#### What you have to do:
Skip the pictures and write out, word for word, the lines below from the one with "On 34th Women's" through the one with "Okak Kitchen Cart", inclusive.
Provided entries Block Start
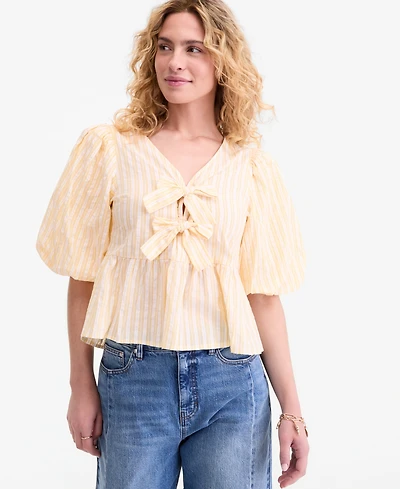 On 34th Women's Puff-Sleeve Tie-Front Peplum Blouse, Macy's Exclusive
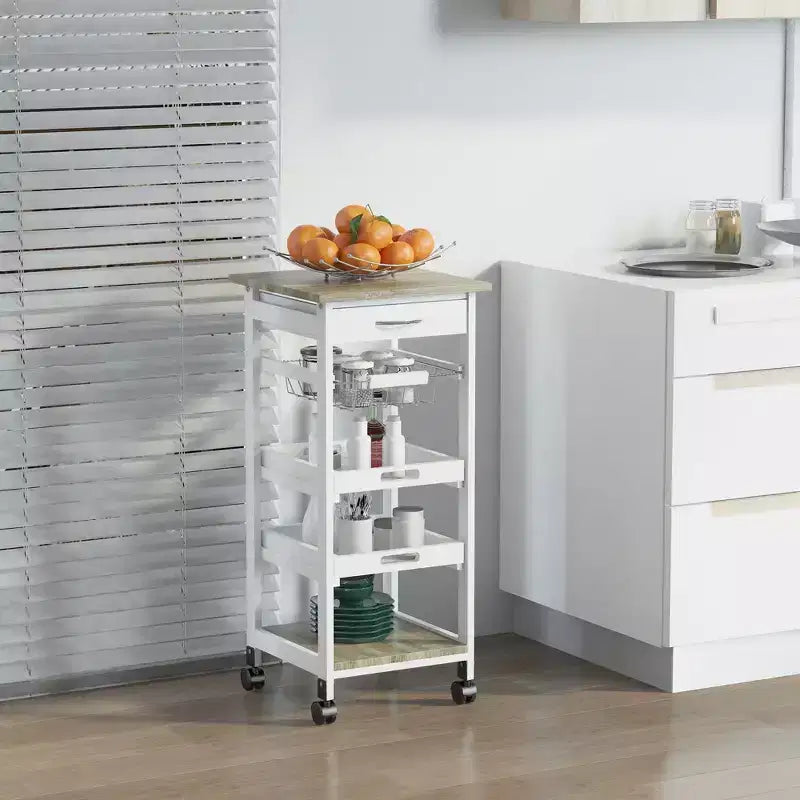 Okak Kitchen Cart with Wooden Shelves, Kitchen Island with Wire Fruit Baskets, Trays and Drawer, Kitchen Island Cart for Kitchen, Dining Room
Provided entries Block End
Provided entries Block Start
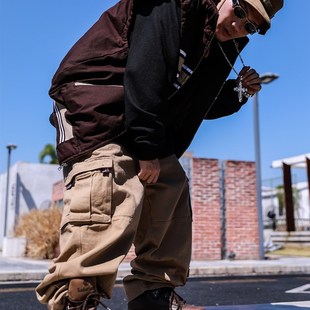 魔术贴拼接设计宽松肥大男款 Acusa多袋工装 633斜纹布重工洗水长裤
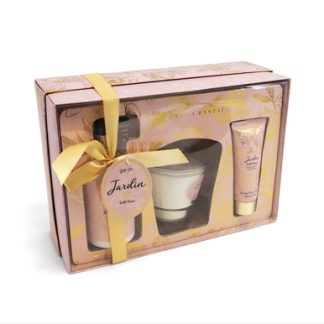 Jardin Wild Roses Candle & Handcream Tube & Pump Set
Provided entries Block End
#### Answer box:
 On 34th Women's Puff-Sleeve Tie-Front Peplum Blouse, Macy's Exclusive
 Okak Kitchen Cart with Wooden Shelves, Kitchen Island with Wire Fruit Baskets, Trays and Drawer, Kitchen Island Cart for Kitchen, Dining Room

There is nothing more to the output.